Tip: As hard as it may be, you need to leave your personal life outside of your resume or cover letter. In fact, sharing too much personal history can permanently turn off any recruiter.

Oh, and always spell check. Nothing is worse than receiving a Word document with squiggly red lines everywhere. It, effectively, disqualifies you immediately.

Tip: there is no tip here. It makes you look stoopid. Ahem.

So, how about some good resumes? Here are some examples that certainly caught my eye as I performed the unenviable task of sifting through piles and piles of resumes:

A candidate once listed ‘fighting stupid’ as a core career objective at the top of his resume. Now, this is quite unorthodox but it certainly compelled me to continue reading. The rest of his resume was fairly pedestrian but it certainly intrigued me enough to continue.

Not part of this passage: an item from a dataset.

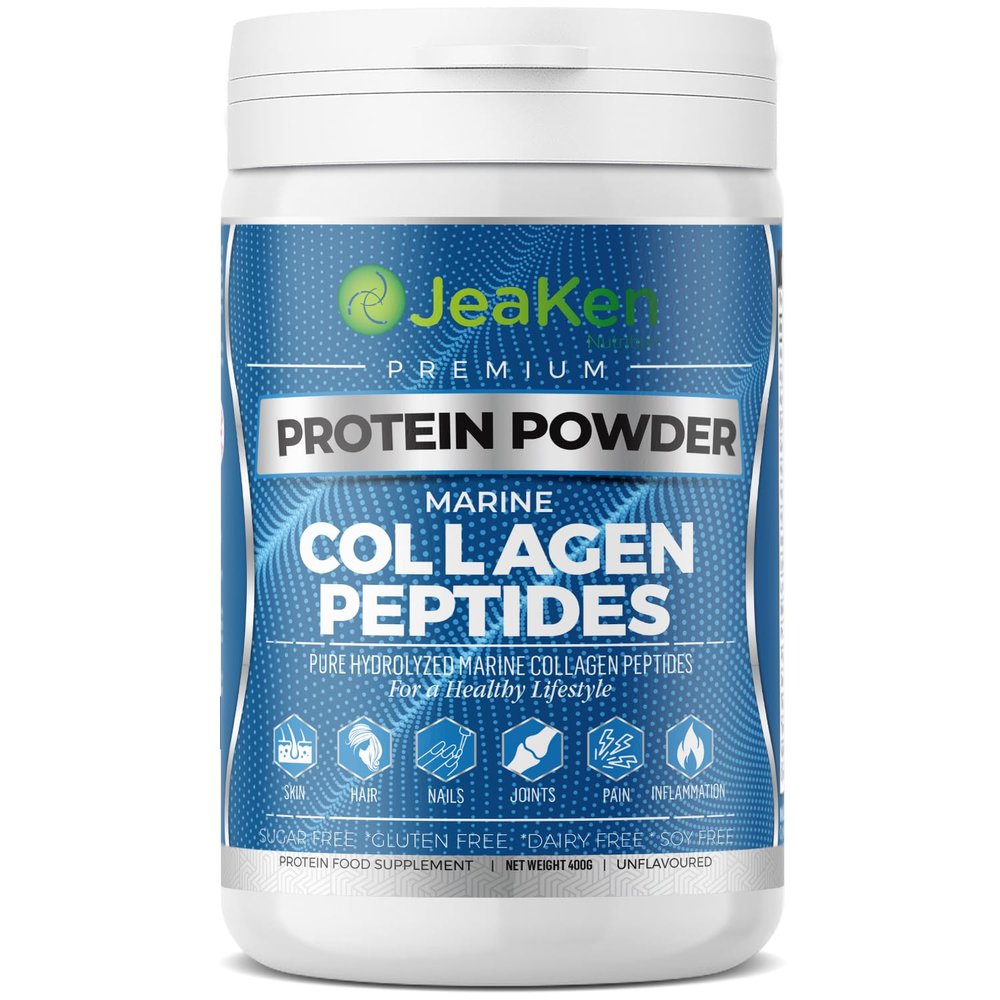 JeaKen - Hydrolyzed Collagen Peptides Powder - Collagen Protein for Healthy Skin Hair Nails Bones Joints - 400g Unflavored Non-GMO Gluten and Sugar Free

Tip: if you have a strong sense of humour, don’t be afraid to show it. Just don’t overdo it.

I received a resume that was shorter than one page and contained no more than 200 words. The candidate was experienced and qualified yet was able to list all of his career and educational highlights in a very clear and concise manner. I tripped over myself trying to contact the candidate.

Tip: being able to sell yourself without being verbose is a great skill and a very welcome boon to any hiring manager. Brevity is cherished.

Ordinarily, I would strongly recommend against performing any gimmicky tactics with your resume (for example, attaching photos or videos if none are requested). However, receiving a resume printed on bright pink paper did catch my eye. You see, IT is very much a male-dominated industry; to receive a powerfully feminine resume was both clever and refreshing. It gave me reason to examine it more closely.

Tip: if you are an atypical candidate, try and find clever ways to highlight that fact. Employers are always looking for unique talent to grow their enterprise.

Admittedly, I am a sucker for candidates that take risks. While I did not pursue the candidate, I did closely examine her resume after her cover letter contained nothing more than an admittedly unfunny knock knock joke.

Tip: don’t be shy to take a calculated risk. But be careful; read the job posting carefully and think about the type of company to which you are applying. If you are applying for a job at a video game company, a creative sense of humour may be more welcome than, say, at a large international law firm. Follow their tone and you will be just fine.